A partir de cierto momento, y ante las numerosas negativas a mi demanda de hablar con los correctores, decidí desplazarme cada semana al periódico para imprimir mis textos y señalar con bolígrafo rojo las palabras que podían ser susceptibles de duda marcándolas como correctas, para que no las tocaran. Y aquello, al menos, funcionó.
También estoy seguro de que su trabajo sirvió para mejorar la calidad del periódico, solventar problemas de letras trabucadas, minúsculas que deberían ser mayúsculas y muchos otros detalles que, una vez resueltos, contribuían a la comodidad del lector. A mí me amargaron más de un artículo, pero no dudo que en numerosas ocasiones debieron corregir errores flagrantes que se me habían pasado por alto y que todos cometemos con más frecuencia de la que nos gustaría. Recuerdo uno que no rectificó un corrector, sino un colega: En una critica de un concierto de Dr. Feelgood para Cartelera Turia, hace ya décadas, mandé la reseña a la redacción comentando que en el bis habían tocado uno de sus grandes éxitos: «Roxanne». El compañero Juanma Játiva (nunca suficientemente ponderado como periodista musical, y ha sido uno de los mejores en Valencia) me llamó por teléfono al recibir el texto y me preguntó, con toda la razón del mundo, si la canción no sería «Roxette». Y tanto que lo era. La similitud entre los títulos me había provocado un cruce de cables y había escrito de manera automática el nombre del famoso tema de The Police. La llamada, esa llamada tan sencilla pero que parece que tanto cuesta hacer, evitó que saliera publicada la equivocación. Para gran alivio mío, no hace falta decirlo.
Sospecho que los correctores fueron de los primeros en caer cuando llegaron las remodelaciones de plantilla (el eufemismo habitualmente utilizado para no decir despidos), ya que su función no debía considerarse primordial. Además, los programas de escritura de los ordenadores ya traían sus propios correctores que, como todos hemos comprobado, funcionan a la perfección, ¿verdad?

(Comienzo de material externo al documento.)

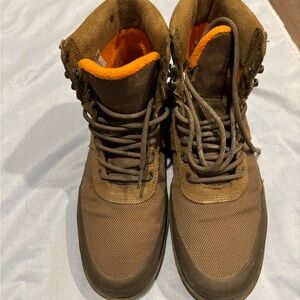 Women's Brown Work Boots with Orange Lining
Hunter brand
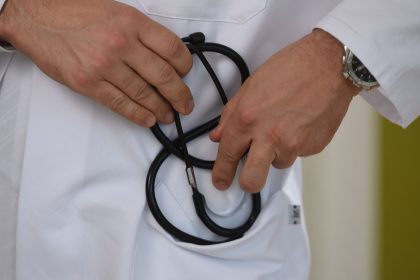 „Nie wieder Zwangsmedizin“ – Gedenkveranstaltung zu 75 Jahren Nürnberger Kodex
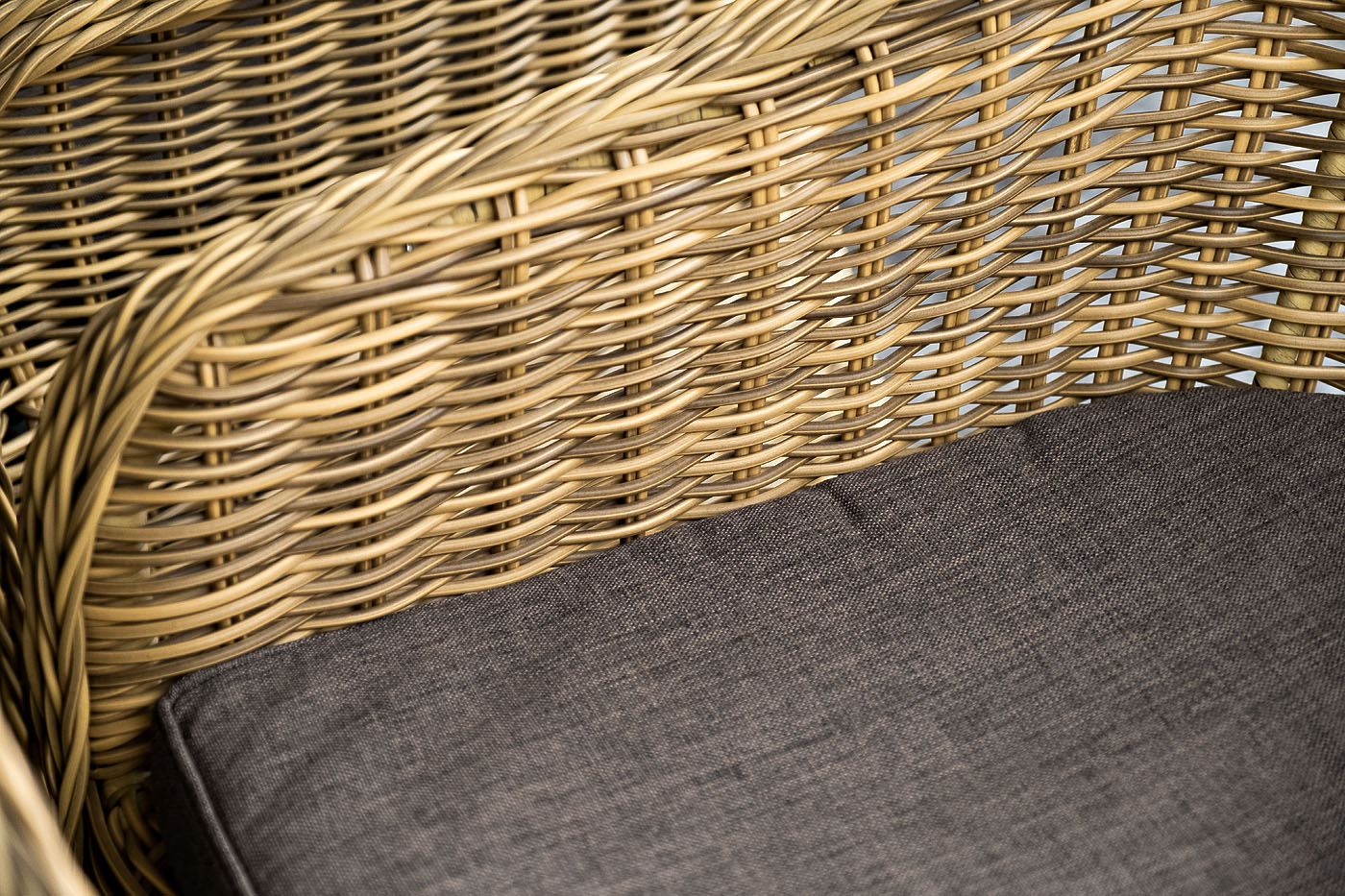 фото "равенна" плетеное кресло из искусственного ротанга, цвет соломенный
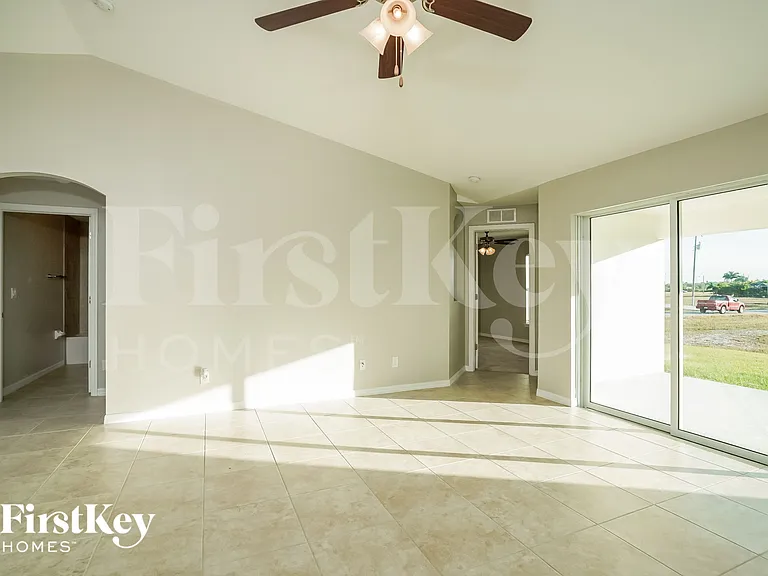 2127 NW 41st Pl — Photo 3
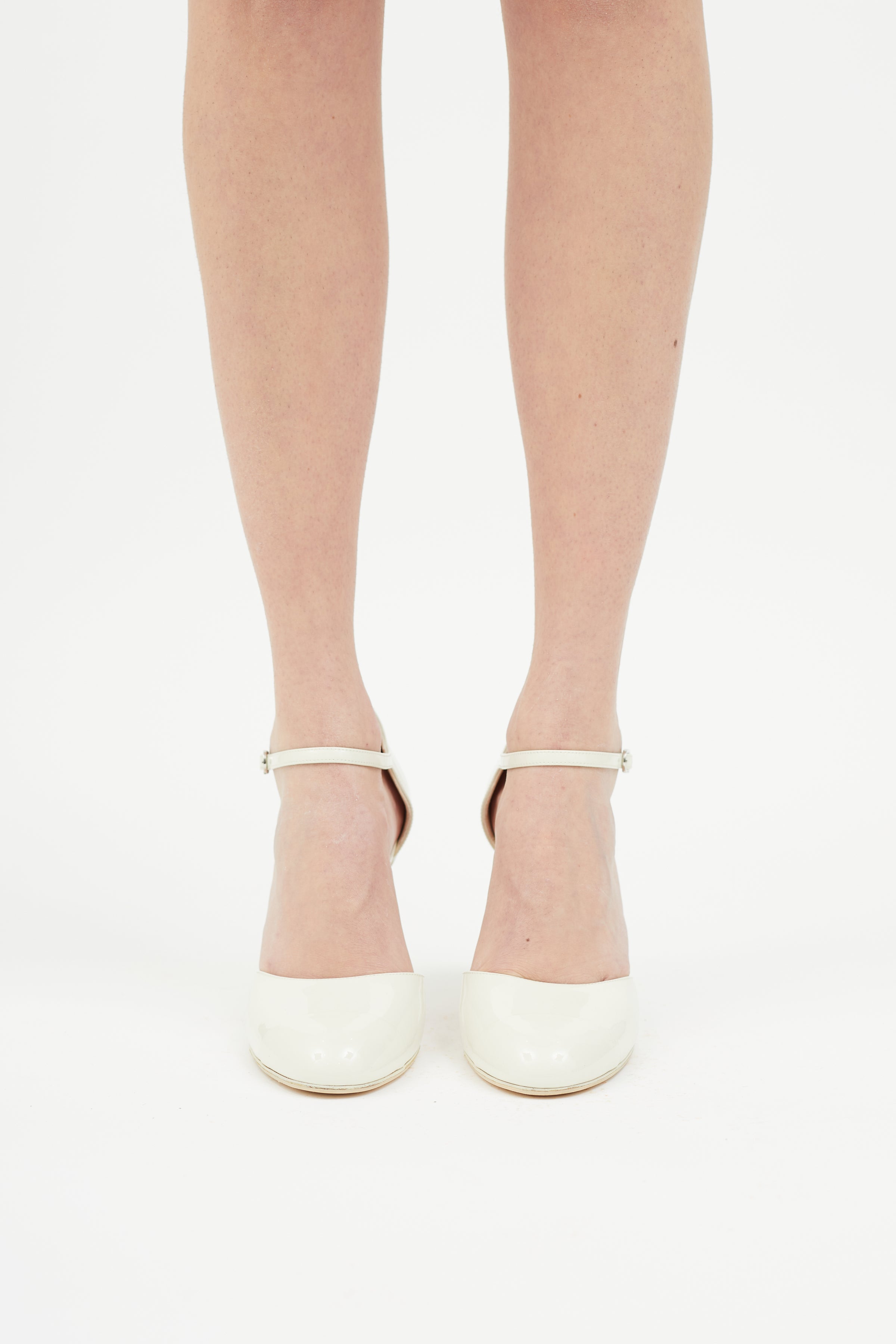 Louis Vuitton // White Patent Bow Heels – VSP Consignment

Como el del WhatsApp, más o menos.
Una función parecida a la del corrector me tocó desempeñar cuando fui coordinador de redacción de Efe Eme. Más de uno se sorprendería del estado en que llegaban a nuestras manos algunos textos de firmas más que contrastadas, que había que maquillar convenientemente. O que tocaba repasar con el autor para aclarar más de una duda. Del mismo modo, también seguí al otro lado y me tocó sufrir algunas modificaciones en artículos escritos para otras revistas porque el coordinador de turno pensaba que eras un ignorante (sí, se repite la historia) y te habías olvidado de algún dato que él consideraba importantísimo, que tú habías omitido conscientemente y que luego te encontrabas estampado en la página, se supone que «para mejorar tu artículo», pero sin consultarte sobre ello. En todas partes cuecen habas.

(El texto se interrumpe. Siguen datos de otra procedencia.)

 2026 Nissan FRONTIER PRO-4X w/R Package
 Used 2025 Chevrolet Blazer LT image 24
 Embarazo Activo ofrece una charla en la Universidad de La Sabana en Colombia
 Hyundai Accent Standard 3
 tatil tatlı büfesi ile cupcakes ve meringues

Pese a todas estas anécdotas y a los quebraderos de cabeza que me proporcionaron, últimamente me acuerdo muy a menudo de los correctores, pero por otro motivo. Leer la prensa se convierte en ocasiones en un suplicio debido a la cantidad de erratas que contienen algunos textos. Porque Roy Batty, el replicante al que daba vida Rutger Hauer en ‘Blade Runner’, habrá visto naves en llamas más allá de Orión y otras cosas que nadie creería, pero yo he visto un artículo que menciona, agárrense, a Joe Division. Y otro en el que se anuncia la gira de un tal ‘Robert’, cantante de Extremoduro. Mi teoría es que los periodistas no pueden estar tan desinformados como para cometer tales deslices, porque no hablamos precisamente de artistas desconocidos o minoritarios. Quizá son, simplemente, errores producto de una escritura apresurada. Pero que aparezcan publicados significa dos cosas: Que el autor ni siquiera ha releído su texto antes de enviarlo y que en la redacción del medio tampoco se han molestado en echarle un vistazo y lo colocan en la página (sea de papel o web) tal como llega, sin revisión alguna. Flaco favor le hacen al autor y a su medio. He visto llamar Kenzabito a Kenzaburo Oé. Y he visto mal escritos en un mismo párrafo los nombres de Scorsese y Pasolini en un artículo ¡sobre cinefilia! He visto escribir Susi Álvarez en lugar de Susi Sánchez (y eso que el motivo del reportaje era que le daban un premio), atribuir la novela «Libra» a un tal Tom Dilillo, he leído la frase “Ni siquiera a sacado” en un medio profesional, he visto llamar José Luis Iborra a Juan Luis Iborra (en una información sobre su candidatura a la Academia Valenciana del Audiovisual, nada menos), he visto la palabra “Fugimorato” en un titular y a alguien declarar que algo se había tratado “a la liguera”.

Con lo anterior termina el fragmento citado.